==== Excerpted records
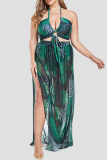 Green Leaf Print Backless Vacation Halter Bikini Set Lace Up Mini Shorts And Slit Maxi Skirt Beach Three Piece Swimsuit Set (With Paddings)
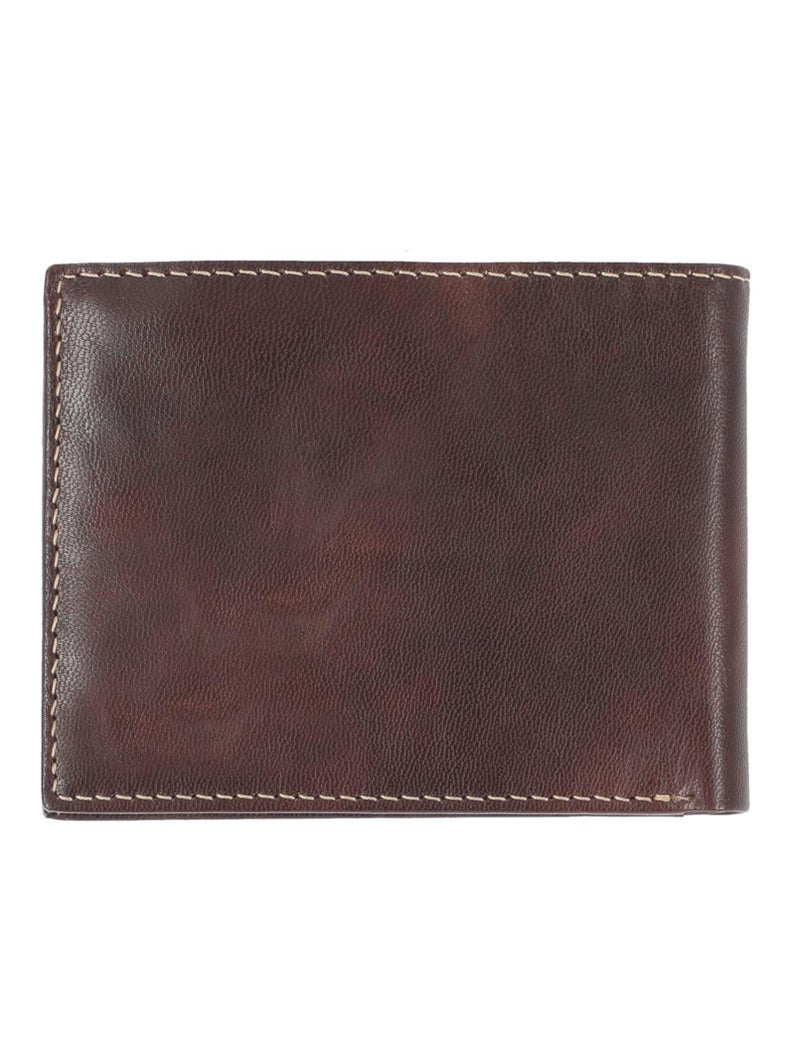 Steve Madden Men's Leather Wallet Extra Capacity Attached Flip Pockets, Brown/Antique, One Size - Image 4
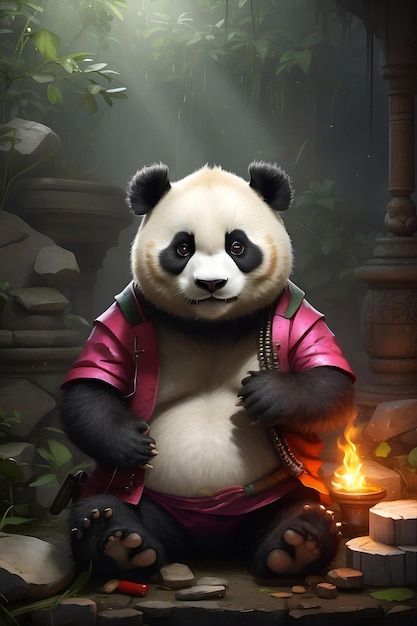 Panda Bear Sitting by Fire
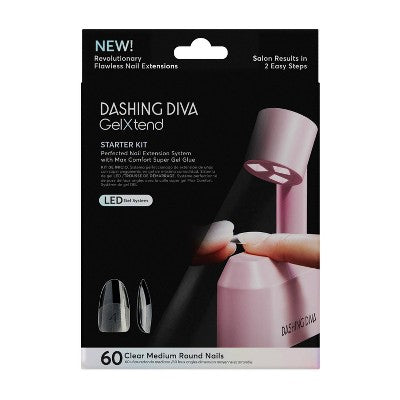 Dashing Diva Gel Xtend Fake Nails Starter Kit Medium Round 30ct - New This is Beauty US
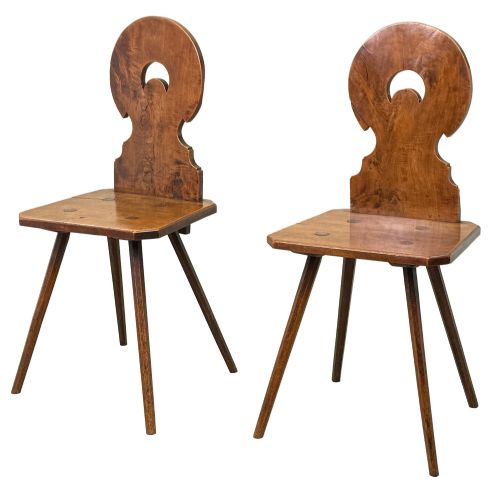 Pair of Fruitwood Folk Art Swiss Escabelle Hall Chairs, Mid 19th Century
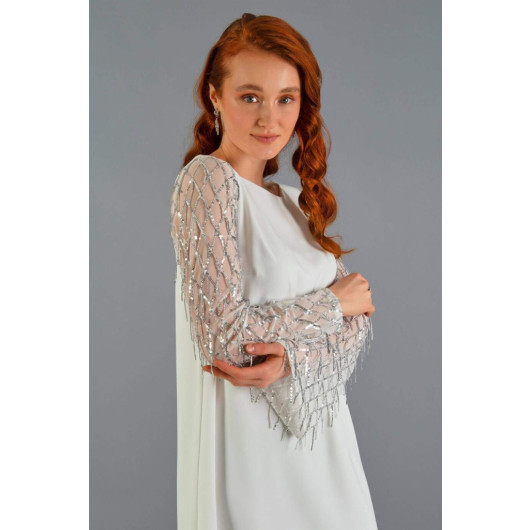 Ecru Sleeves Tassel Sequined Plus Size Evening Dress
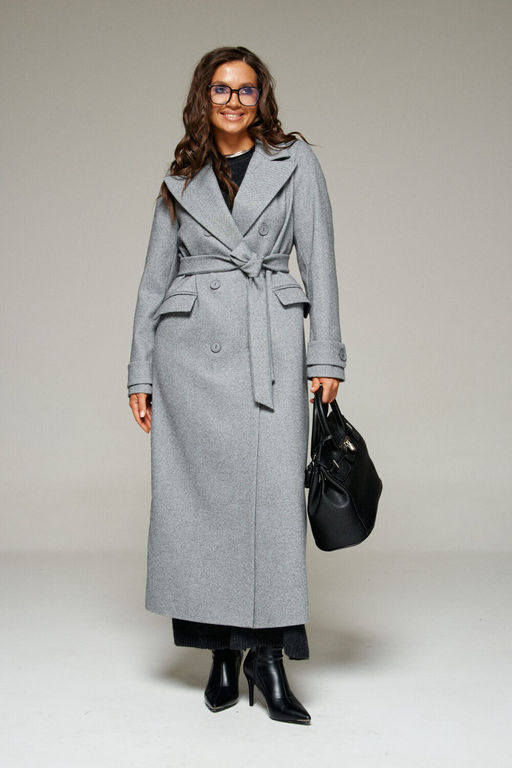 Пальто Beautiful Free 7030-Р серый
========
#### Prompt
Find the line that contains "Steve Madden Men's". Copy it and every line after it through the end of the listing exactly, but not the pictures.

#### The completed task
 Steve Madden Men's Leather Wallet Extra Capacity Attached Flip Pockets, Brown/Antique, One Size - Image 4
 Panda Bear Sitting by Fire
 Dashing Diva Gel Xtend Fake Nails Starter Kit Medium Round 30ct - New This is Beauty US
 Pair of Fruitwood Folk Art Swiss Escabelle Hall Chairs, Mid 19th Century
 Ecru Sleeves Tassel Sequined Plus Size Evening Dress
 Пальто Beautiful Free 7030-Р серый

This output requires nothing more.